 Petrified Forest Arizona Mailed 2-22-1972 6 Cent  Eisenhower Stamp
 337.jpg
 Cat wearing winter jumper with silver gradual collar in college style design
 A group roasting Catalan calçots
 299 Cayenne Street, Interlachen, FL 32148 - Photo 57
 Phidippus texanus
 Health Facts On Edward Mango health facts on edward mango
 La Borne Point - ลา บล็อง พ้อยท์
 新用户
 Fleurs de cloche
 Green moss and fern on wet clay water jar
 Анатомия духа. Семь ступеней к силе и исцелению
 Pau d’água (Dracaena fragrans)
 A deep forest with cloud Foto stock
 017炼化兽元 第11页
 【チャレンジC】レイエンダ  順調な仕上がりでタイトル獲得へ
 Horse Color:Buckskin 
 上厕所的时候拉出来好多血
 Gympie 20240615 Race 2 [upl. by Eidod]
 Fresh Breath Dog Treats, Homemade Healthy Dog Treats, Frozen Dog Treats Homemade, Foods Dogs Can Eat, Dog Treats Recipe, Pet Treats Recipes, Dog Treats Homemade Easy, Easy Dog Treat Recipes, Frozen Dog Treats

══════

Display each line of the data where "with" occurs.

_YOUR RESPONSE_
 Cat wearing winter jumper with silver gradual collar in college style design
 A deep forest with cloud Foto stock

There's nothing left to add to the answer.